- Directed by: Costa Botes
- Produced by: Costa Botes
- Starring: Andrew Johnstone
- Cinematography: Costa Botes
- Edited by: Costa Botes
- Music by: Tom McLeod
- Distributed by: New Zealand Film Commission
- Release date: 31 July 2022;
- Running time: 104 minutes
- Country: New Zealand
- Language: English

= When the Cows Come Home =

New Zealand documentary film

When the Cows Come Home is a 2022 New Zealand documentary film, directed by Costa Botes. The documentary follows Andrew Johnstone and his connection with his cows, Tilly and Maggie. It premiered 31 July at the NZ International Film Festival.
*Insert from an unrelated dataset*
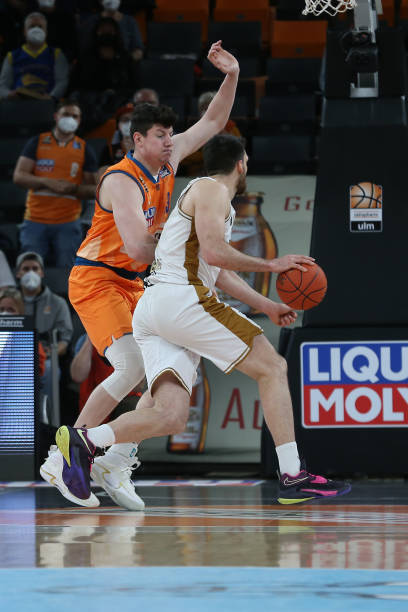 大的压力 大的压力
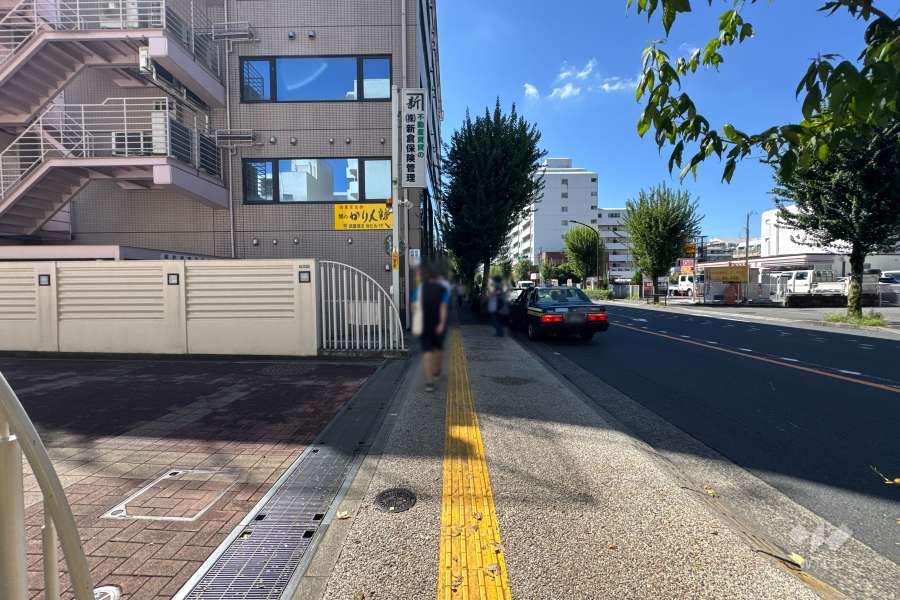 敷地西側の前面道路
Botes met Johnstone on Facebook and became interested in his online posts about his farm life. After meeting in person Botes started filming him on his property in the Waikato region.

== Reception ==
Jeremy Quinn of the Otago Daily Times gave it 4 stars and said "DBotes is a skilled and experienced documentarian, and the film is beautifully shot, impressively structured, insightful and touching without being exploitative or manipulative, and dare I say it, inspirational." Graeme Tuckett in the Press gave it 4 1/2 stars and writes "When the Cows Come Home is an appropriately bucolic and unrushed film. It reminded me at times of The Devil and Daniel Johnston. But also of Gunda, that mighty ode to a pig that I still reckon was the best film I saw last year. But mostly I was just grateful that there is still a place in our cinemas and in our consciousness for a story as small — and as universal — as this." On 1 News Richard Martin says"I can't think of anything more quintessentially New Zealand than a farmer who has struggled with mental health issues and whose life is changed by a friendship with some livestock."